チョコレートの中に、射し込む、あるいは立ち込める、闇や蠱惑や、はっとするような可愛げ。大好きです。私はボンボンより板チョコに満足をもらうことが圧倒的に多いのですが、これについて心彷徨うままに考えてみました。(打率を考えたところで、いずれかを捨てることなどいたしません、愛・・・♡)

板チョコ。まず、形状からして直球。至らせるべき満足へスッと伸び、我ら踏みしめるべき道かのようです。確かめたければどんどんと進み(バリバリと食べ)、それを遮る何物も無い。潔く明確であるという性質は、なんという優しさでしょう。「私への誘惑あるやなしや?」「好き」「あなたのことはそれほど」、いずれも、ズドン!直ぐわかる、直ぐ昇れる。

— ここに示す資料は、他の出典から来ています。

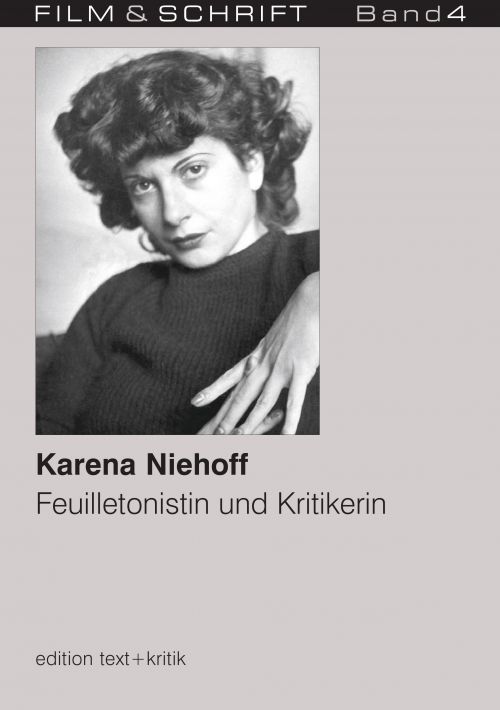 Cover des Buches "Karena Niehoff. Feuilletonistin und Kritikerin" herausgegeben von Rolf Aurich und Wolfgang Jacobsen
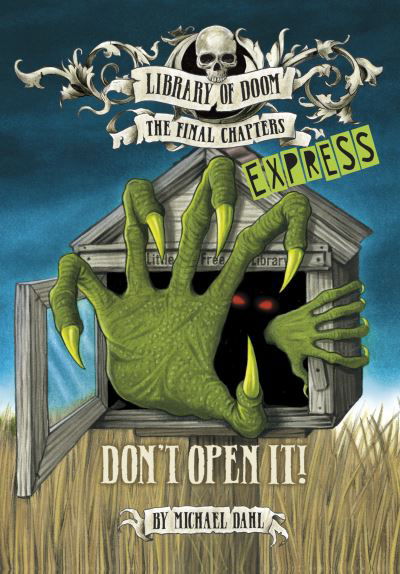 Cover for Dahl, Michael (Author) · Don't Open It! - Express Edition - Library of Doom: The Final Chapters - Express Edition (Paperback Book) (2022)
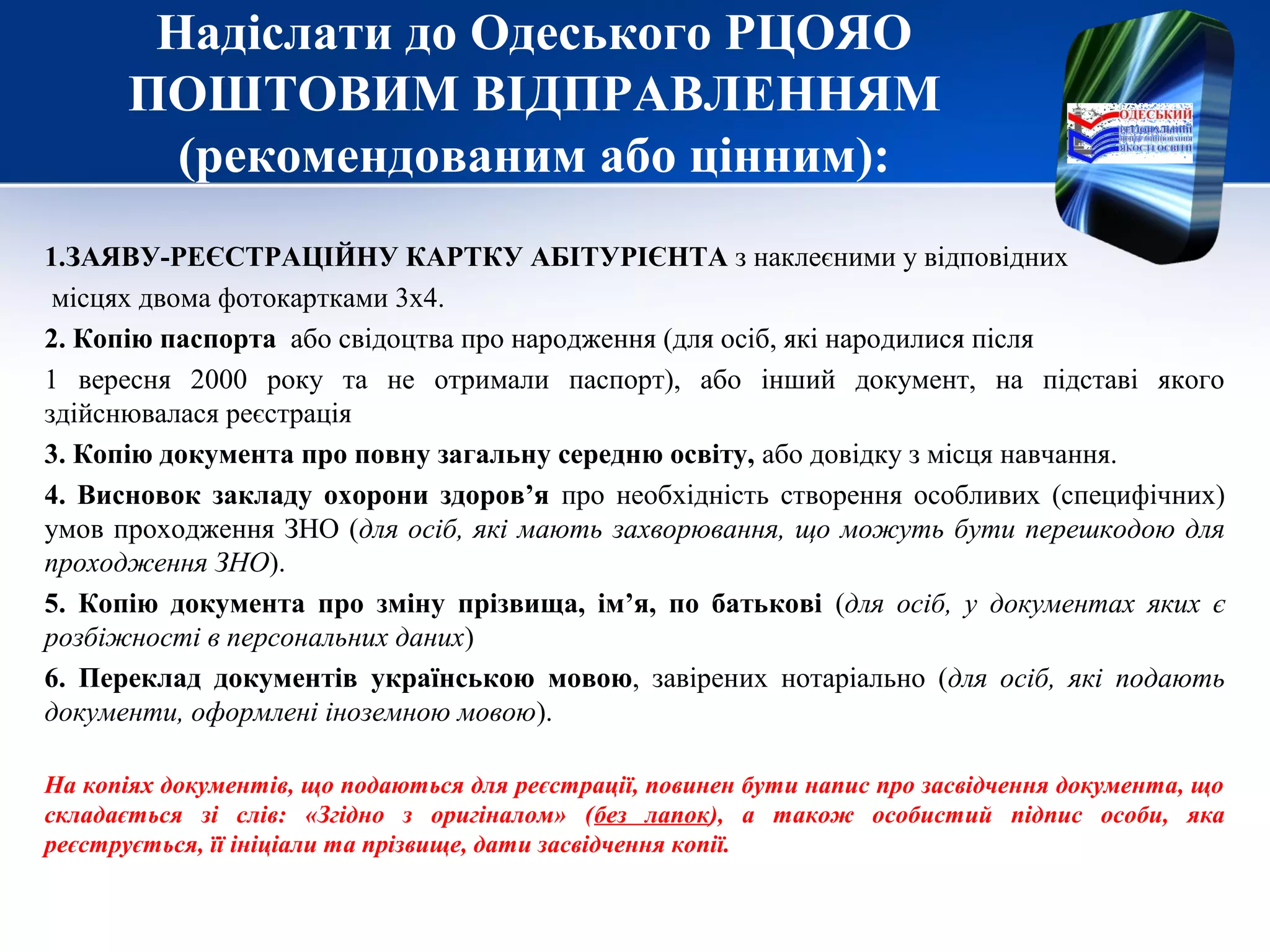 Надіслати до Одеського РЦОЯО
ПОШТОВИМ ВІДПРАВЛЕННЯМ
(рекомендованим або цінним):
1.ЗАЯВУ-РЕЄСТРАЦІЙНУ КАРТКУ АБІТУРІЄНТА з наклеєними у відповідних
місцях двома фотокартками 3х4.
2. Копію паспорта або свідоцтва про народження (для осіб, які народилися після
1 вересня 2000 року та не отримали паспорт), або інший документ, на підставі якого
здійснювалася реєстрація
3. Копію документа про повну загальну середню освіту, або довідку з місця навчання.
4. Висновок закладу охорони здоров’я про необхідність створення особливих (специфічних)
умов проходження ЗНО (для осіб, які мають захворювання, що можуть бути перешкодою для
проходження ЗНО).
5. Копію документа про зміну прізвища, ім’я, по батькові (для осіб, у документах яких є
розбіжності в персональних даних)
6. Переклад документів українською мовою, завірених нотаріально (для осіб, які подають
документи, оформлені іноземною мовою).
На копіях документів, що подаються для реєстрації, повинен бути напис про засвідчення документа, що
складається зі слів: «Згідно з оригіналом» (без лапок), а також особистий підпис особи, яка
реєструється, її ініціали та прізвище, дати засвідчення копії.
 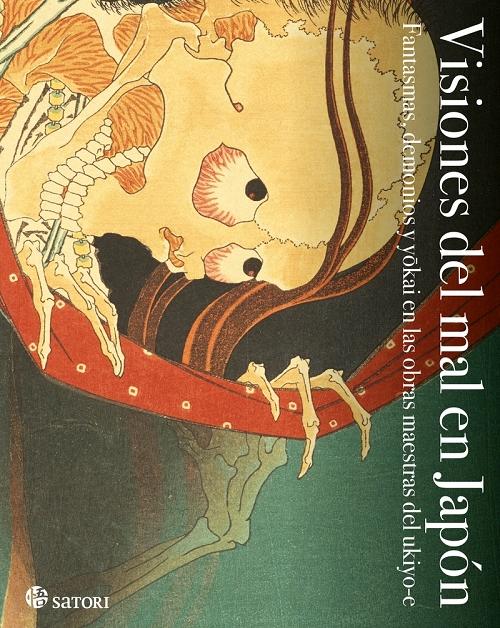 Visiones del mal en Japón "Fantasmas, demonios y yokai en las obras maestras del ukiyo-e"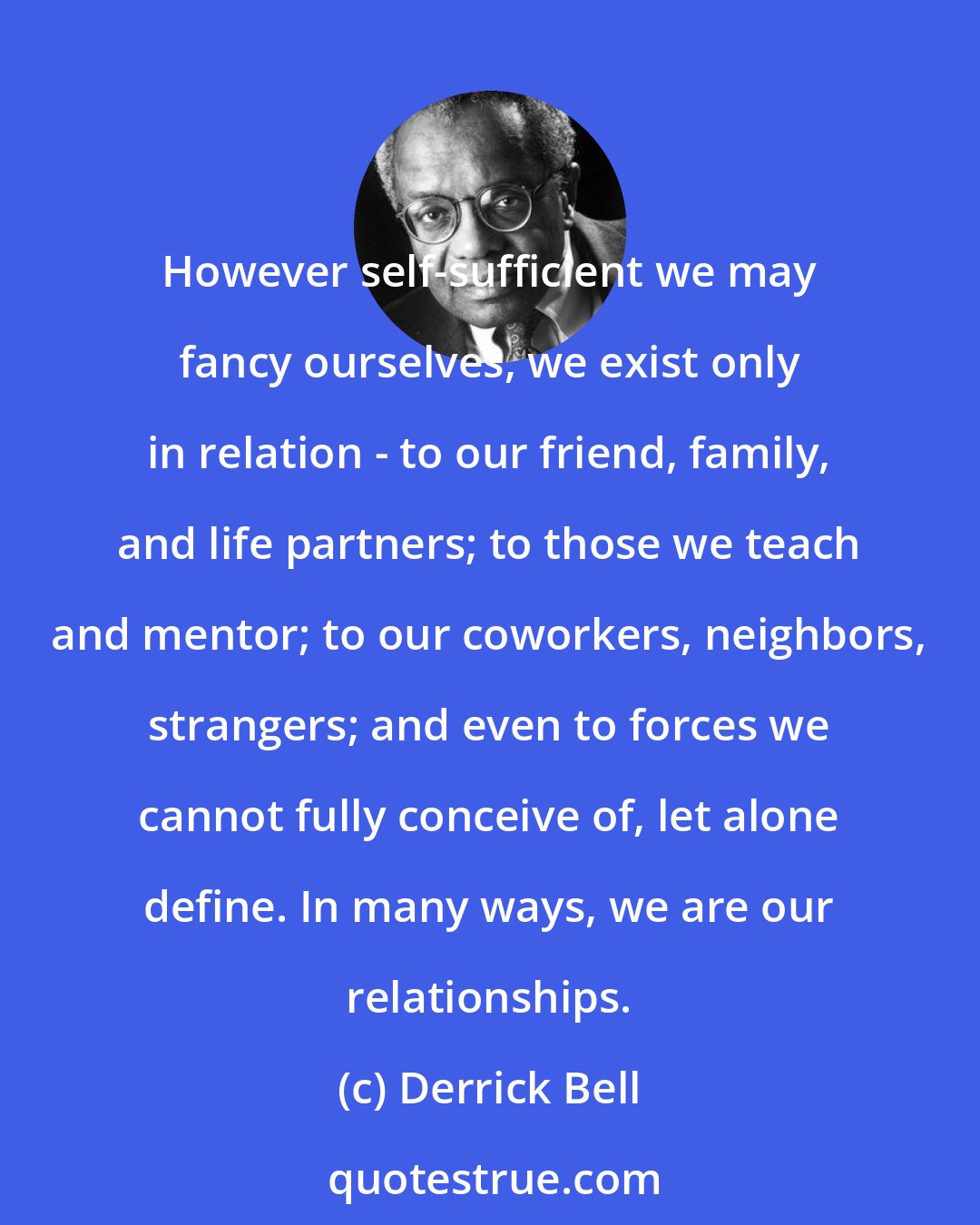 Derrick Bell: However self-sufficient we may fancy ourselves, we exist only in relation - to our friend, family, and life partners; to those we teach and mentor; to our coworkers, neighbors, strangers; and even to forces we cannot fully conceive of, let alone define. In many ways, we are our relationships.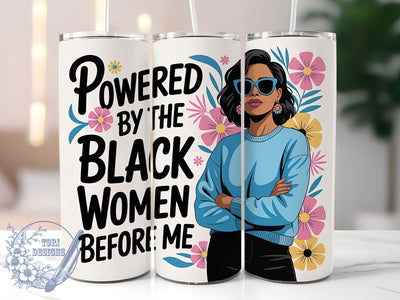 Inspirational Black Women Tumbler, Empowerment Quote, Inspirational Design, 20Oz Tumbler, Sublimation Wrap, Digital Download, Motivational Gift Sublimation ToriDesigns 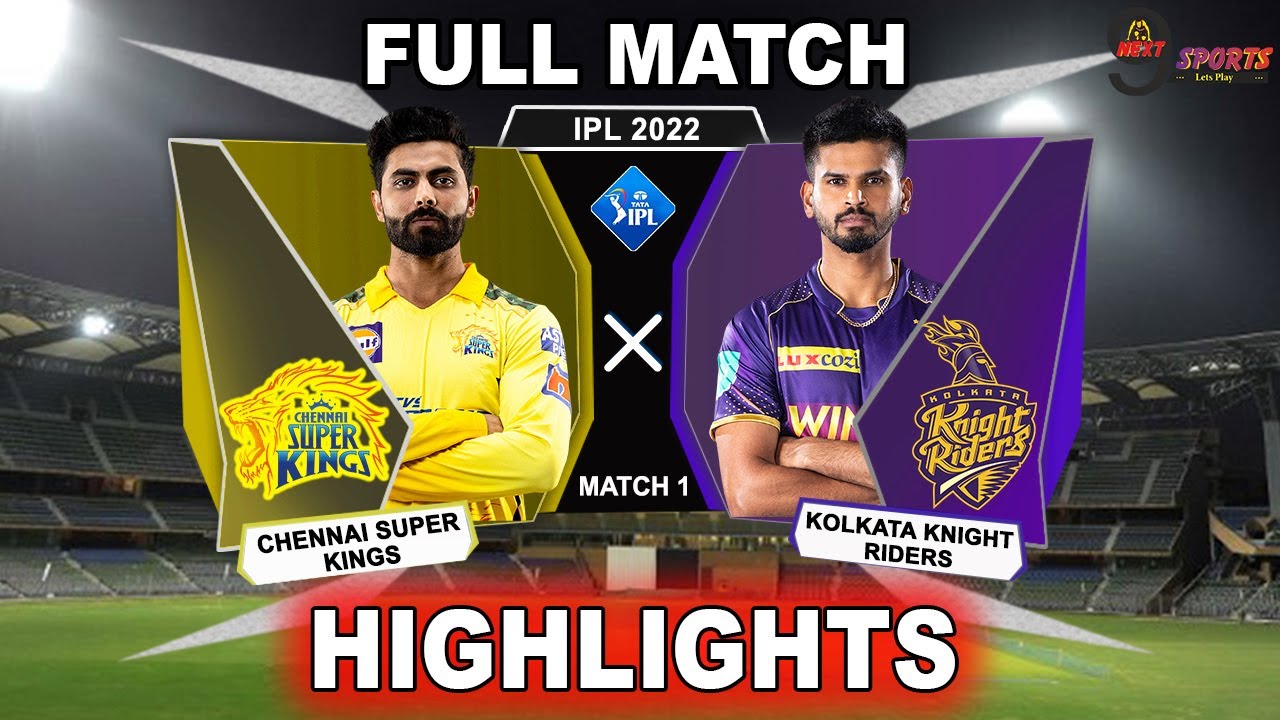 CSK vs KKR 1ST MATCH HIGHLIGHTS 2022 IPL 2022 CHENNAI vs KOLKATA 1ST MATCH HIGHLIGHTS #CSKvKKR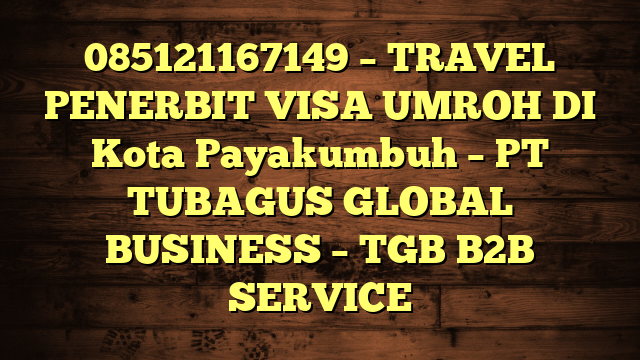 085121167149 – TRAVEL PENERBIT VISA UMROH DI Kota Payakumbuh  – PT TUBAGUS GLOBAL BUSINESS – TGB B2B SERVICE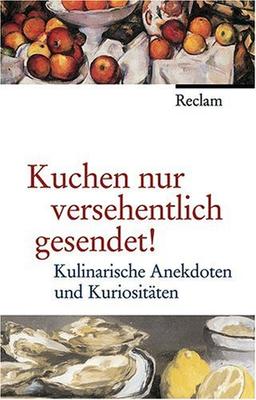 Kuchen nur versehentlich gesendet!: Kulinarische Anekdoten und Kuriositäten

対してボンボン。例えば、容姿も調えられ会話もトピック豊富、けれどそれ以上関わるトリガーが見えてこない人物とか。「命ある複雑と装飾過多は千里の隔たり」と、眺め終わりに胸やけする観光名所とか。ややや!全てのボンボンがそうであるわけなんかは絶対に無く、只、そんな後味もあったかなぁ、なれば「ボンボン?好きだよ♪」と一概に言えるだろうかと、考えてみるだけなのです。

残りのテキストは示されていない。